How are leaders in your organization reinforcing your desired culture?

Most leaders spend more time on their team or company’s products and services than they do to their organizational culture – yet culture drives everything that happens in your team or department, good or bad.

Effective workplace environments – where performance and values are equally measured, monitored, and rewarded – require the leader’s intention and attention, daily.

One effective way to to be intentional about the quality of your team culture is to use social rituals.

Human communities have used social rituals for centuries. Rituals can help embed and reinforce your team or department or company’s purpose, values, and valued behaviors.

However, few leaders leverage workplace rituals as an intentional strategy to define and reinforce a company’s desired culture. Rituals are a proven approach that’s fun, easy, and powerful.

Typical Rituals

Effective social rituals in the workplace are events which communicate and reinforce desired performance and values. Common rituals in workplaces around the globe include:

  • All-company meetings
  • Department celebrations
  • Voicemails or videos from leaders
  • Anniversary/Service award events
  • Customer conferences

These events vary in how effective they are at reinforcing your desired culture. Emphasizing just one of these might not have the strongest positive effect! A variety of social rituals will have a more far reaching, deeper affect.
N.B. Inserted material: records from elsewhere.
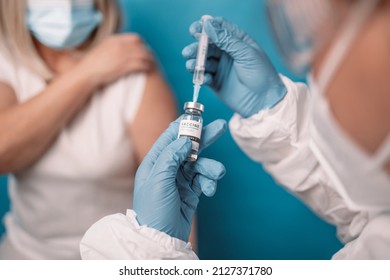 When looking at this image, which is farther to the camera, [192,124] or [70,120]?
[70,120]

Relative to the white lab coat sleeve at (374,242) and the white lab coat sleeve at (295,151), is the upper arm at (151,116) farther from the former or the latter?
the white lab coat sleeve at (374,242)

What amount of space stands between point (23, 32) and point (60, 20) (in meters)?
0.13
Intentional efforts ensure that all of your workplace rituals create a common bond, inspire commitment and innovation, and build the “finely woven cloth” of a high performing, values-aligned culture. Humans need a source of workplace connectedness or they lose focus and engagement.
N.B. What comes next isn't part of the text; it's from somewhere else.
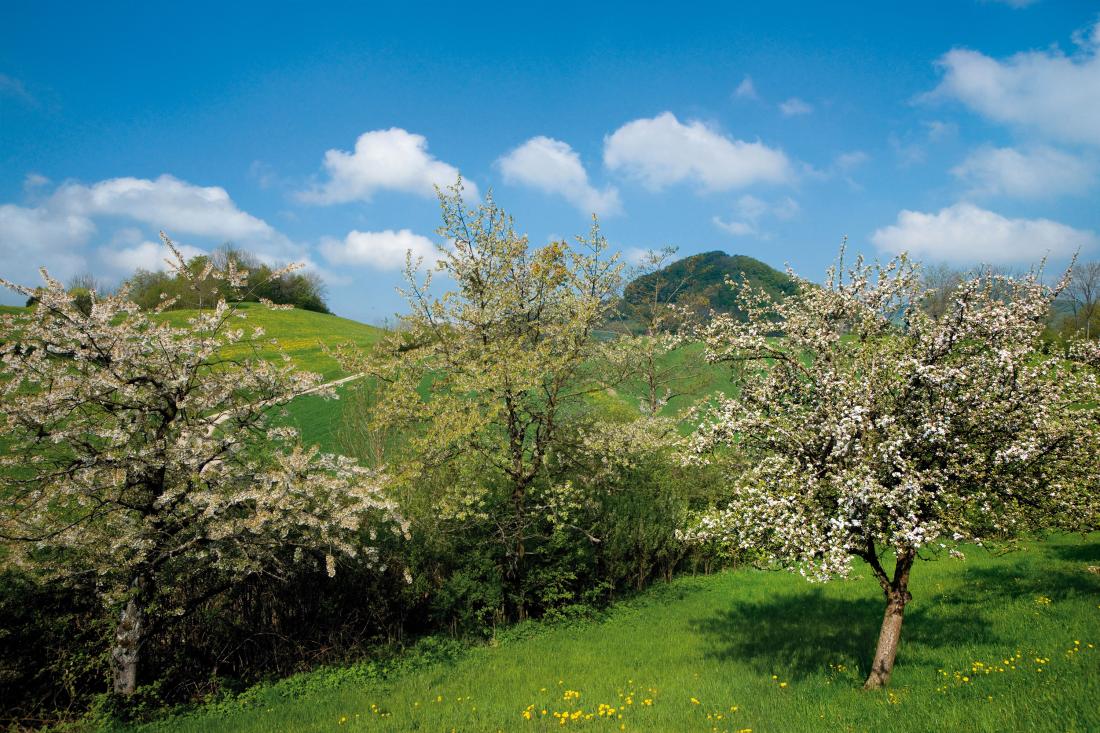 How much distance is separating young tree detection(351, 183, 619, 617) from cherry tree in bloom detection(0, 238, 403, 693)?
3076 mm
Organizations are Human Systems

Your team or department isn’t just the structure, systems, and output. Organizations are made up of humans who perform needed roles to deliver products and services that meet (or exceed) customer’s requirements. Humans – hearts beating, brains pondering, skills being applied – are the core of your business. Just as your automobile needs the engine tuned and oiled, the tires inflated properly, the brakes adjusted regularly, etc., the people in your organization need proactive tending to maintain peak performance and inspired engagement.

Two vital social rituals include communication and celebration.

Communication Rituals

Communication rituals focus on educating participants about your business strategy, market environments, opportunities, company performance, insights about customers, new solutions in process, celebrating efforts and accomplishments, etc. Powerful communication rituals address these primary outcomes while building human connectedness.

Effective leaders communicate often. An update once a week is the minimum required. Some leaders do a daily huddle – a live, standing five-minute meeting each morning to update team members on successes, opportunities, projects, and such. When team members are geographically dispersed, they do a daily voicemail to everyone.

Celebration Rituals

As noted above, sometimes communication rituals include celebration elements, which is a great thing. Celebration rituals are not exclusively the responsibility of “all company” events – these rituals are very powerfully utilized by leaders of teams, departments, and regions. Celebration rituals include:

  • Birthdays
  • Service Anniversaries
  • Project completion
  • Small wins (along the path to project completion)
  • “Open Forum” lunches that feature Q&A on how things could be done better on the team

These social rituals can not only shift your organization towards your desired culture but they are critical pieces in maintaining your desired culture.

Don’t leave the quality of your workplace environment to chance. Embrace these social rituals to help your people feel valued, connected, and informed about the opportunities ahead.

Repurposed from a December 2010 post on Driving Results Through Culture.